Według mieszkańców, pomimo ograniczenia prędkości do 50 km/h, samochody często poruszają się znacznie szybciej. Przejścia dla pieszych są ignorowane, a piesi – w tym dzieci wracające ze szkoły – muszą zachowywać szczególną ostrożność.
Nagminne przekraczanie prędkości stwarza ogromne zagrożenie. Obawiamy się, że tragedia to tylko kwestia czasu” – piszą mieszkańcy.
Kolejnym problemem jest łamanie zakazu ruchu pojazdów powyżej 3,5 tony. Przez ulicę regularnie przejeżdżają ciężarówki, powodując hałas, wibracje i uszkodzenia nawierzchni.
Mieszkańcy zwracają też uwagę na codzienne problemy z wyjazdem z posesji, agresywne zachowania kierowców oraz przypadki niebezpiecznych manewrów, takich jak „driftowanie” na zakrętach czy potrącanie elementów infrastruktury drogowej.
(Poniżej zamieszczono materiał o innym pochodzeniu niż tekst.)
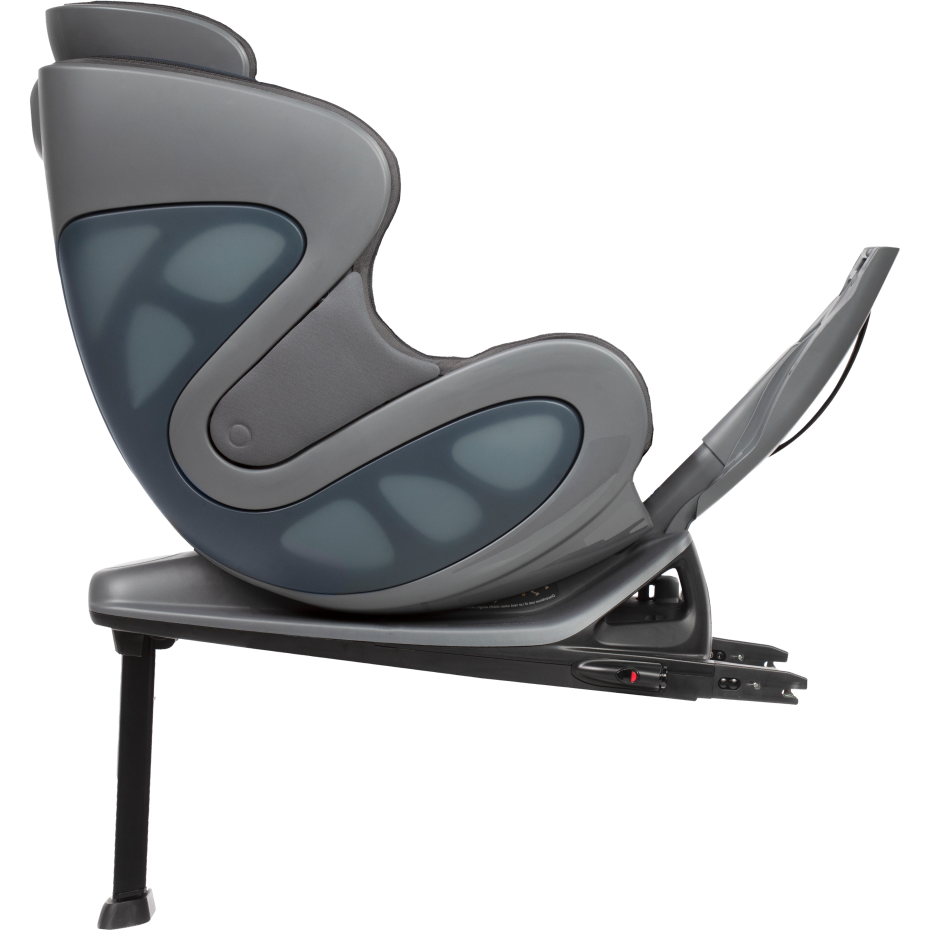 Babyark Premium Convertible Car Seat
Jak relacjonują mieszkańcy, już wcześniej zgłaszali problem władzom podczas remontu ulicy, jednak reakcje były niewystarczające. Teraz planują podjęcie szerszych kroków – wysyłkę oficjalnych pism do Burmistrza Sandomierza, Zarządu Dróg Powiatowych, Wojewódzkiego Inspektoratu Ochrony Środowiska oraz Komendy Powiatowej Policji.
W przypadku braku skutecznej reakcji nie wykluczają zorganizowania legalnego protestu w formie zgromadzenia publicznego.